- _LISTED ENTRIES_

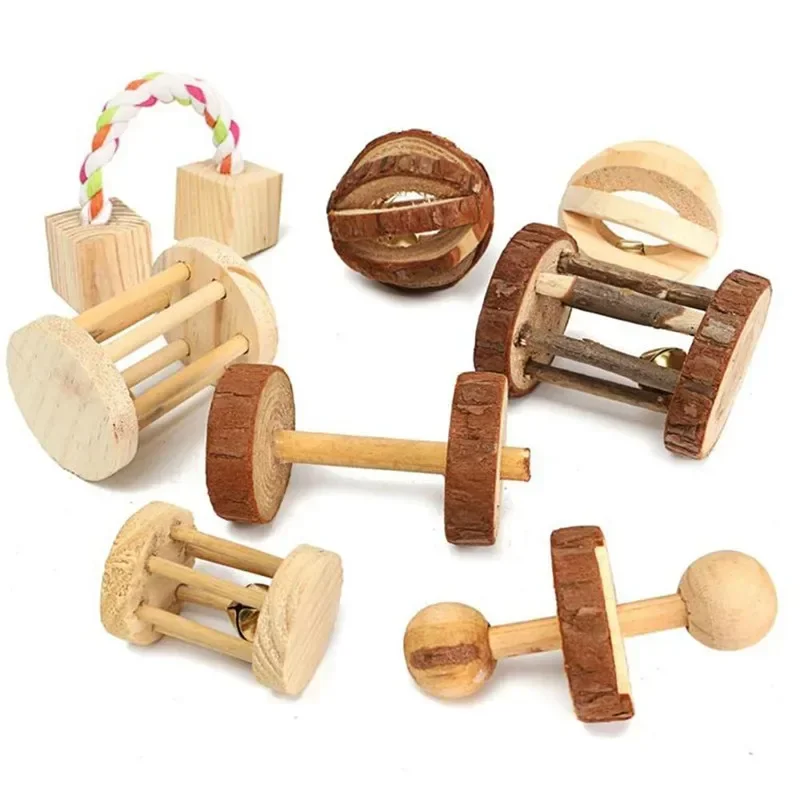 Roztomilé králičie valerové hračky Prírodné drevené borovice Dumbells Uninycle Bell Chew Hračky pre morčatá potkany potkany malé domáce zvieratá Dodávky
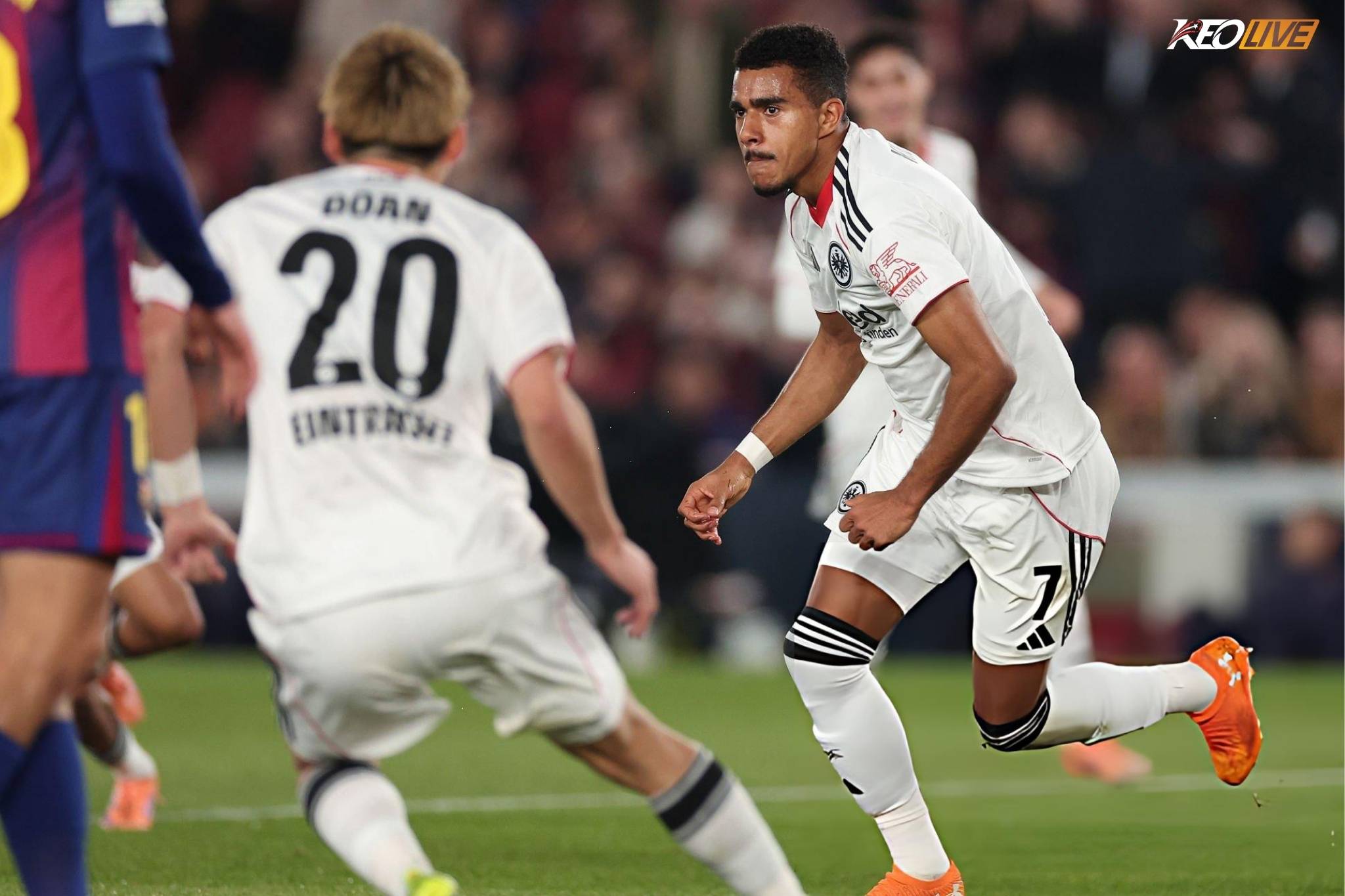 Đội khách bất ngờ có bàn mở tỉ số | Keolive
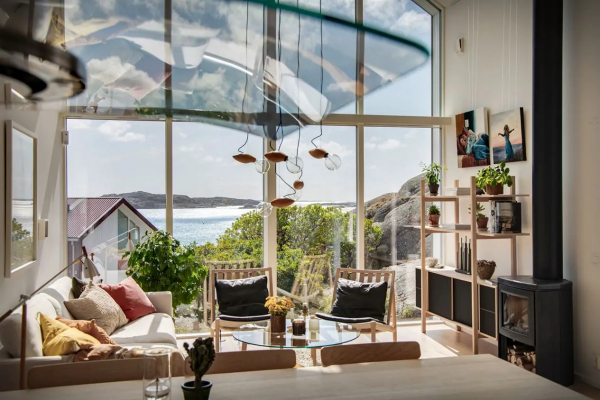 Небольшой современный коттедж в Швеции с видом на залив
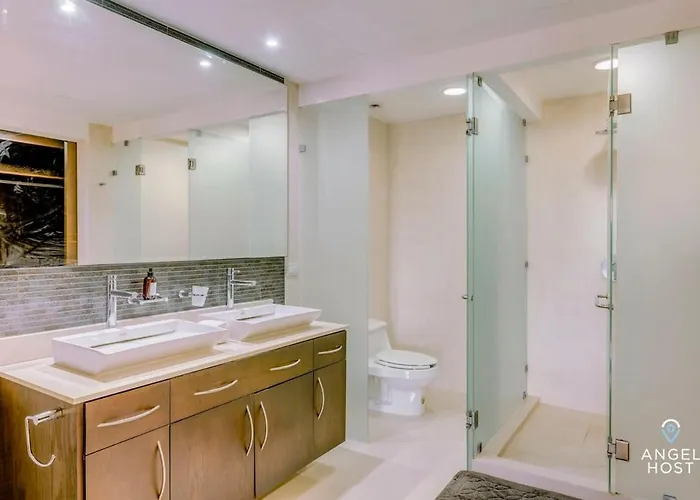 Apartamento Tropical Living W Pool, Hot Tub & Gym *
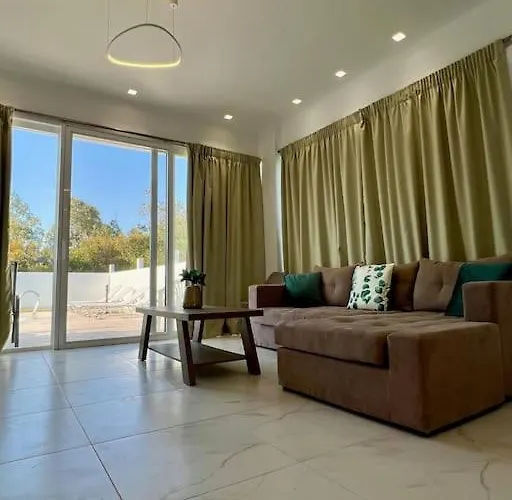 别墅 Marinos Kalamákion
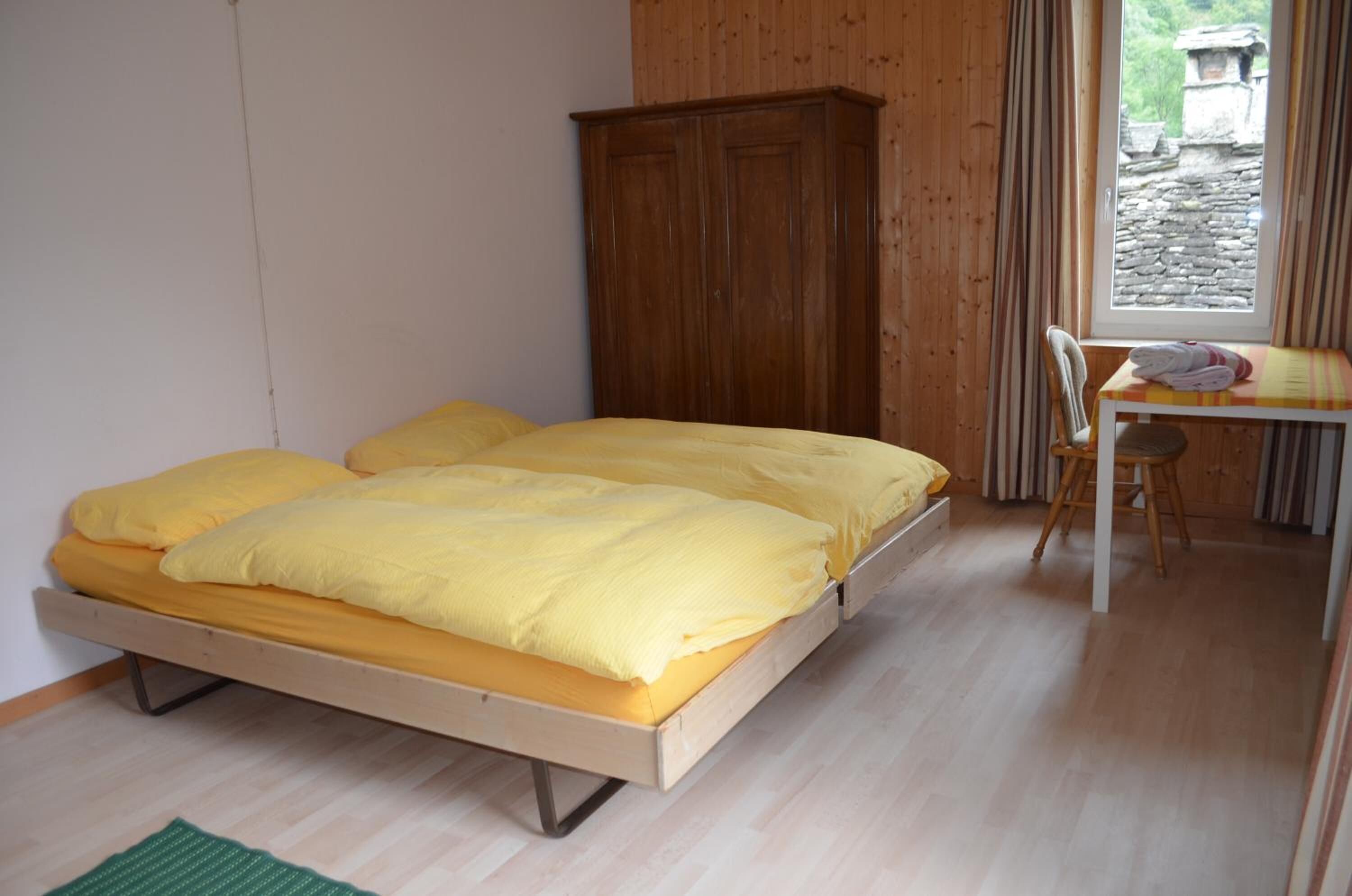 desk, rollaway beds, free wifi, bed sheets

- _PROBLEM REQUIREMENTS_
Reproduce the listing word for word, but keep the pictures out of it.

- _SOLUTION TO THE PROBLEM_
 Roztomilé králičie valerové hračky Prírodné drevené borovice Dumbells Uninycle Bell Chew Hračky pre morčatá potkany potkany malé domáce zvieratá Dodávky
 Đội khách bất ngờ có bàn mở tỉ số | Keolive
 Небольшой современный коттедж в Швеции с видом на залив
 Apartamento Tropical Living W Pool, Hot Tub & Gym *
 别墅 Marinos Kalamákion
 desk, rollaway beds, free wifi, bed sheets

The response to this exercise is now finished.